The stuff that others have mentioned are also important but I suggest you start slowly. Apart from measuring gear (mic, vernier caliper) about the only thing you'll soon need is a tailstock drill chuck, some drills and some centre drills (often called Slocombes). Then taps & dies. Arc Eurotrade (definitely in the sticky) have all the above, and also a range of chucks and adaptors with various Morse Tapers. Again usual disclaimers - I'm just a satisfied Arc customer.

HTH

AES


----------



## CHJ (10 Dec 2015)

AES":37k2vj9s said:


> I thought I put Eccentric Engineering into the sticky at the top of this general Metalworking section, but it looks like I forgot. ...


It is in there.


----------



## chaoticbob (11 Dec 2015)

buzzby":3if8fa4b said:


> So carbide idea is out, thanks.
> 
> I couldn't find a zero morse taper drill chuck, any idea where I can get one?
> 
> Thanks



Millhill Supplies in Essex is the European distributor for Sherline, I expect they will be able to sort you out for bits and pieces specific to your lathe (at a price!).

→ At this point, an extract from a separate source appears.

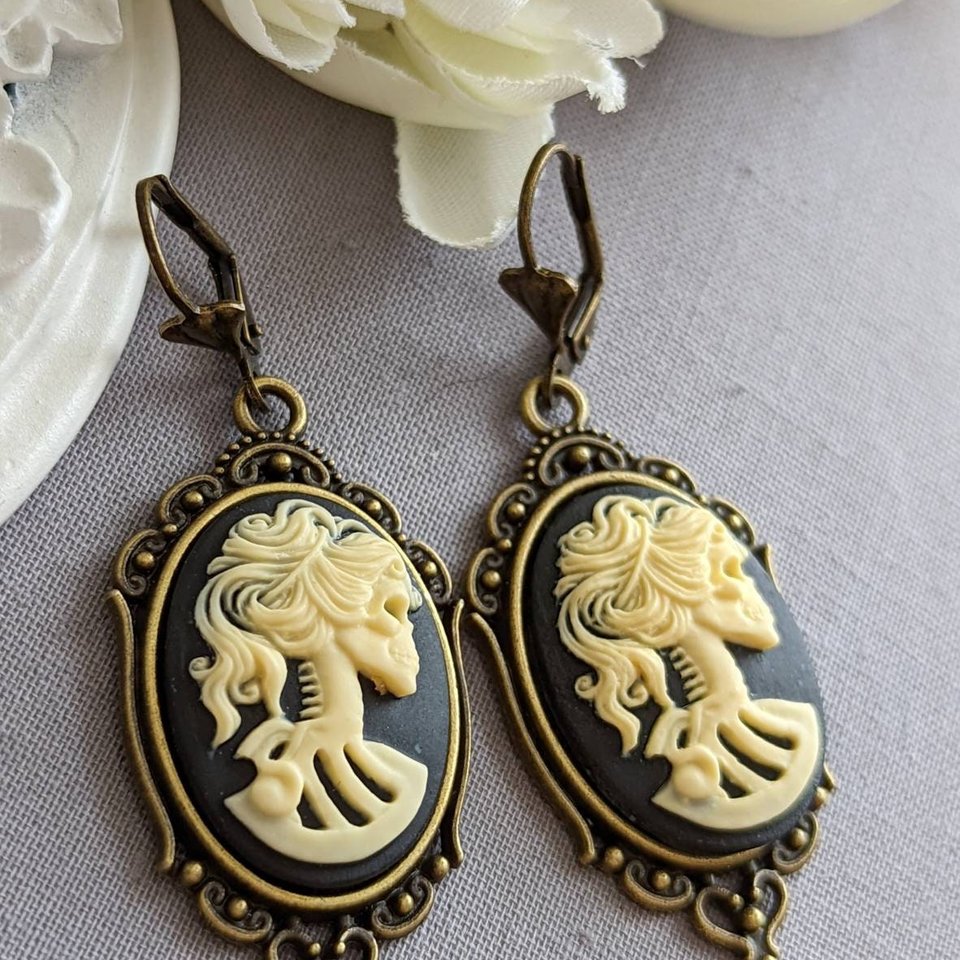 Day of the Dead Earrings, Dia de Los Muertas Skull jewelry, Gothic Cameo Earrings, Lolita Jewelry, Goth girl, Lady Skull Earrings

Whilst I agree with earlier comments about carbide insert tooling in general needing to be driven (much) harder than your lathe will allow, the tips sold specifically for aluminium are sharper and have more top rake than the 'normal' ones - I have found them useful in a small lathe not only for ali, but also (for shallow cuts) mild steel and, weirdly, brass too. Weird because the accepted wisdom is that brass wants tools with a small to zero top rake, but they seem to work! Way to go generally is HSS tho, as others have said. When I started out I was advised to learn to grind my own tools, I put it off too long and wasted money.
Regards, Robin.


----------